Every day at lunch my coworkers and I play video games.
A couple of years ago we started playing Mario Kart 8. We had six players most days. And four people were able to race at any one time. So it was decided that the top two finishers would stay on. The other two would give up the sticks.
The dichotomy of players was immediately noticeable. Some of the employees, two years later, race the same way as they did that first day. A few of us, though, started experimenting on day one. We were toying with optimal drifting and with weapon management. We were crashing into walls, falling off Rainbow Road and wasting green shells. We were losing. Sometimes badly. Embarrassingly. But we were learning.
Within a week we were winning. Within a month we were dominating.
Soon enough the three of us that experimented the most got sick of the game. In part because it’s a game that’s intentionally designed to penalize good players.
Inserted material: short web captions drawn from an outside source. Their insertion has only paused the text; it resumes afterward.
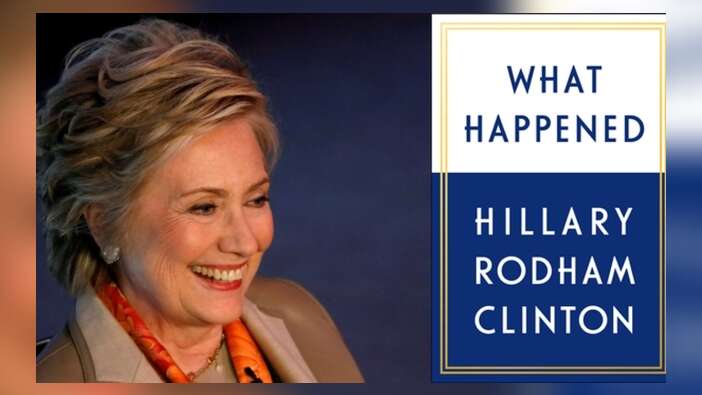Clinton Trump'a karşı nasıl kaybettiğini yazdı...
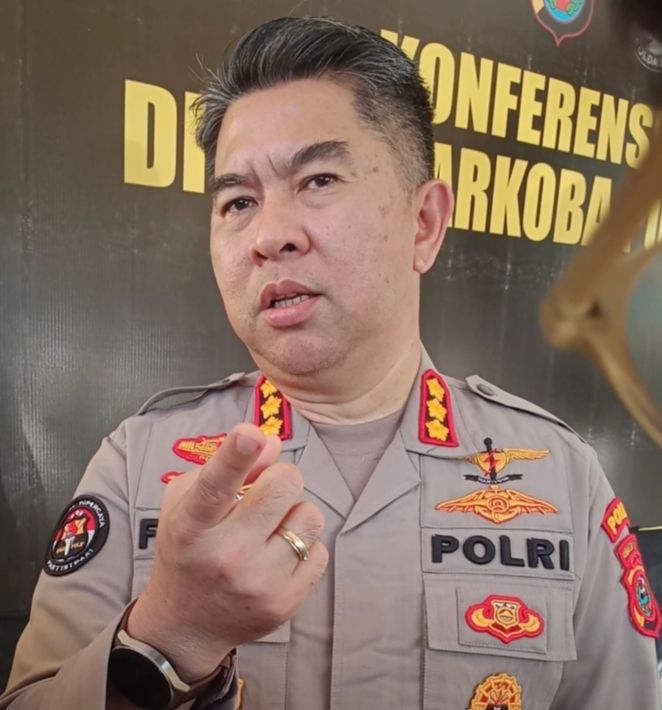 Polda Sumut Tangkap Dua Anggota Ormas di Belawan, Lempari Mobil Anggota DPRD Sumut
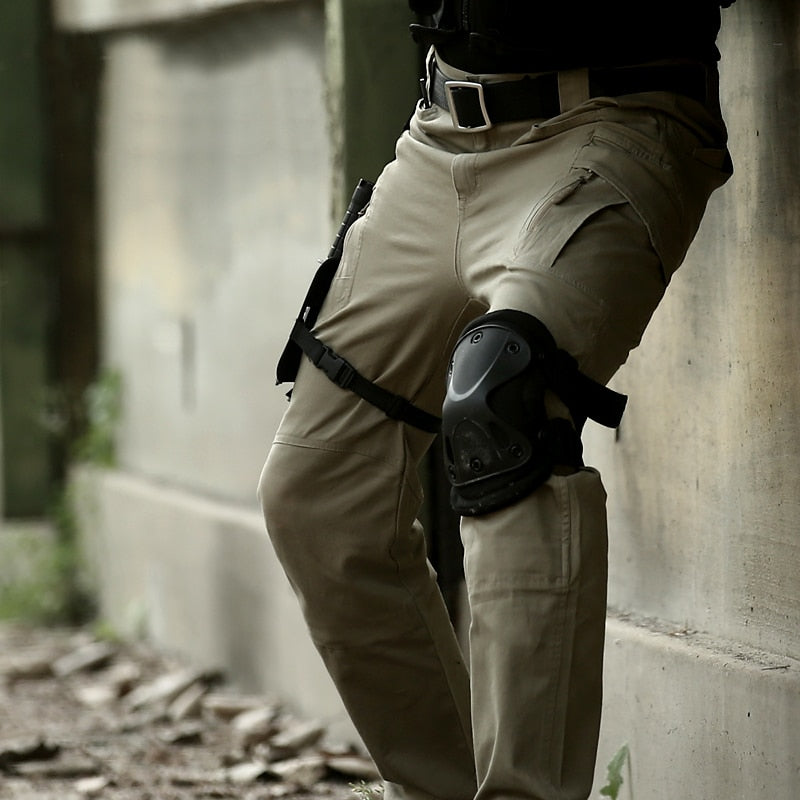 US Army Urban Tactical Pants Military Clothing Men Casual Cargo Pants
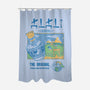 Drink Fresh-None-Polyester-Shower Curtain-Henrique Torres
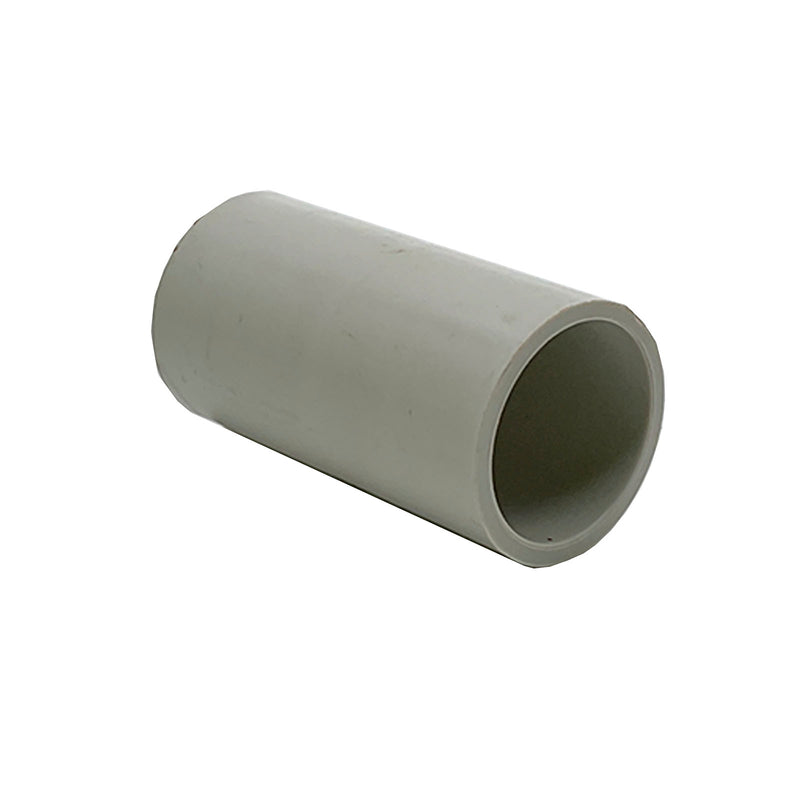 Conduit Coupling Straight 32mm Gray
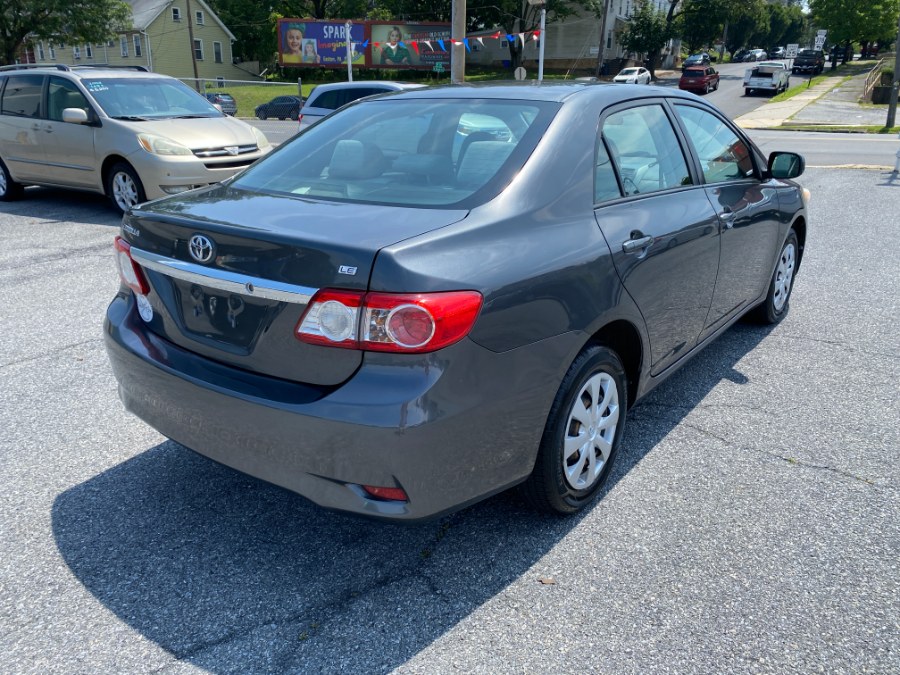2011 Toyota Corolla 4dr Sdn Auto LE (Natl), available for sale in Bethlehem, Pennsylvania | Best Auto Deals LLC. Bethlehem, Pennsylvania 2011 Toyota Corolla 4dr Sdn Auto LE (Natl), available for sale in Bethlehem, Pennsylvania | Best Auto Deals LLC. Bethlehem, Pennsylvania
In part because of the “group” decision to stop having winners stay on and to start taking even turns. But mostly because it just wasn’t fun winning all the time.
This is no knock on the people that didn’t win all the time. The reason they didn’t win all the time was because they didn’t care as much. Probably because they had better things to care about. Probably because they are more emotionally healthy than us winners.
Now the three of us play video games in a different room. We play Super Mega Baseball, NHL, FIFA and various other games. We’re competitive. We talk a lot of shit. We intentionally try to run up the scores and embarrass each other. And the winner stays on. Always. Without question. Because that’s just how it works.
I like “winner stays on” people. Not people that are obsessed with winning. But rather people who strive to be better. People who are okay sucking in the short term to excel in the long term.
Some people argue that I’m too competitive. Maybe. But why play if you don’t want to win?